По-видимому, незадолго до своей смерти Сансон де Лонгеваль узнал о трагической гибели господина де Блиньяка, которому он, вероятно, был обязан своим спасением из притона бандитов.

Смерть гасконского дворянина сопровождалась такими необыкновенными обстоятельствами, что я не могу умолчать о ней; к тому же, хотя я вовсе не желаю делать выводов из данных фактов, которые могут приписать делу случая, эта кончина, по-видимому, осуществляет третье из предсказаний отца Маргариты Жуаннь.

Бродяги, предводителем которых был господин де Блиньяк, казалось, были недовольны нерешительностью и слабостью, которые их главарь показал в деле нищего церкви Нотр-Дам де Боннь-Нувель. Не будучи в состоянии внушить к себе прежнее почтение силой своей руки, бывший знаменитый грабитель больших дорог ломал себе голову, отыскивая какую-нибудь удивительную выдумку, которая могла бы восстановить утраченное о нем высокое мнение его буйных подчиненных.

В ту эпоху в селении Кажо, близ Палезо, жил богатый бенефициарий, о котором говорили, что он чрезвычайно скуп и постоянно копит деньги, откладывая свой доход.
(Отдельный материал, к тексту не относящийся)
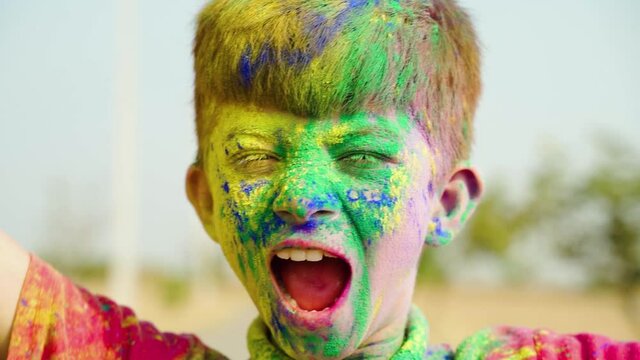 Close up head shot of Boy kid shouting during holi festival celebration with color applied to face - concept holi festive celebration, joy and enjoyment.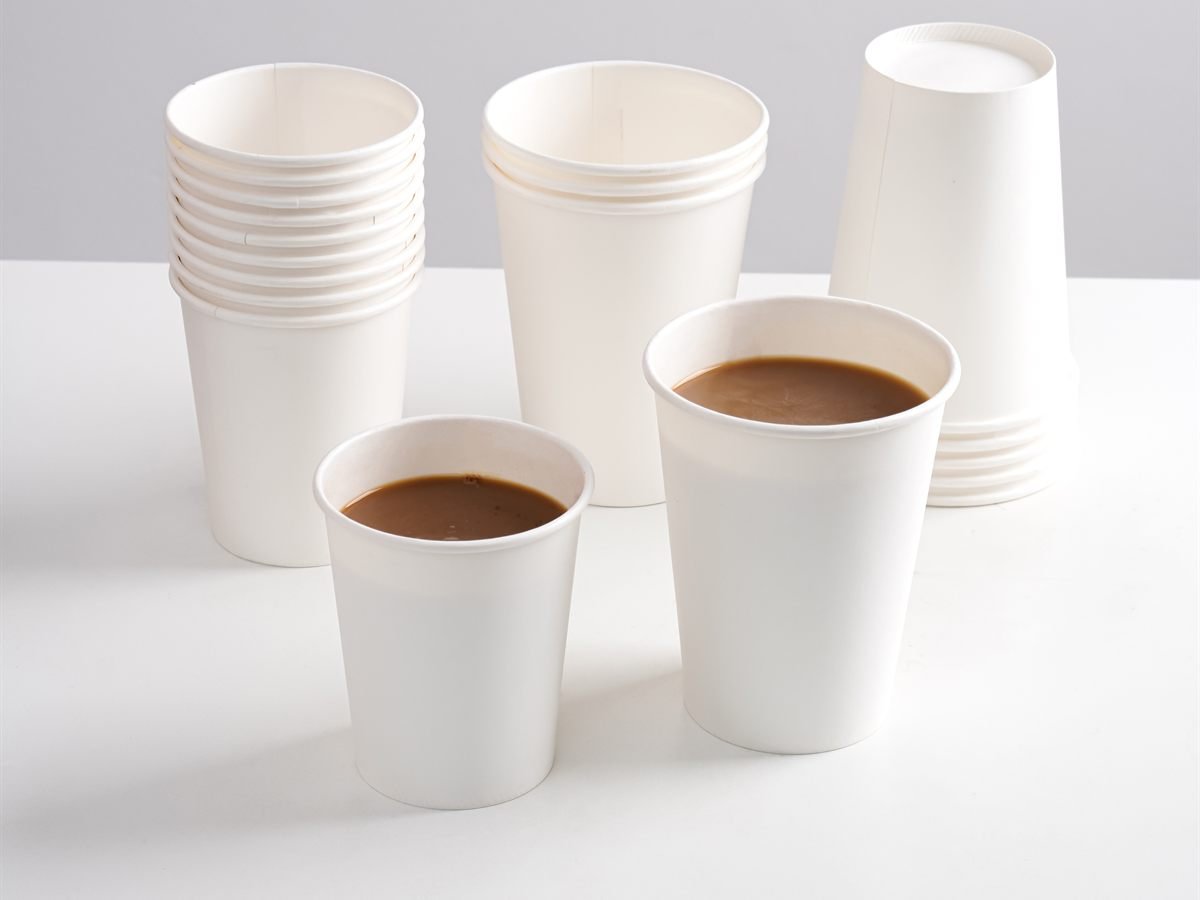 SEALPAK paper cups with coffee beside stacked cups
Быть может, это была лишь клевета, но им только и было нужно удостовериться в истине этих предположений. К несчастью, преподобный отец видел в физиономиях самых невинных — воров и грабителей, и эта досадная недоверчивость сделала его святилище недоступным.

Тем не менее, в один прекрасный день господин де Блиньяк, казалось, нашел средство провести этого неусыпного драгуна в рясе и проникнуть в это пресвитерство Гесперид.

Он предложил полдюжине своих приближенных переодеться дозорными солдатами. Они должны были явиться к священнику с одним из своих товарищей, переодетым в одежду бандита, предварительно связав его, и объявить, что взяли под стражу нарушителя закона, которого должны были повесить на первом попавшемся дереве и просить его употребить свою святую власть спасти от погибели бедную душу преступника.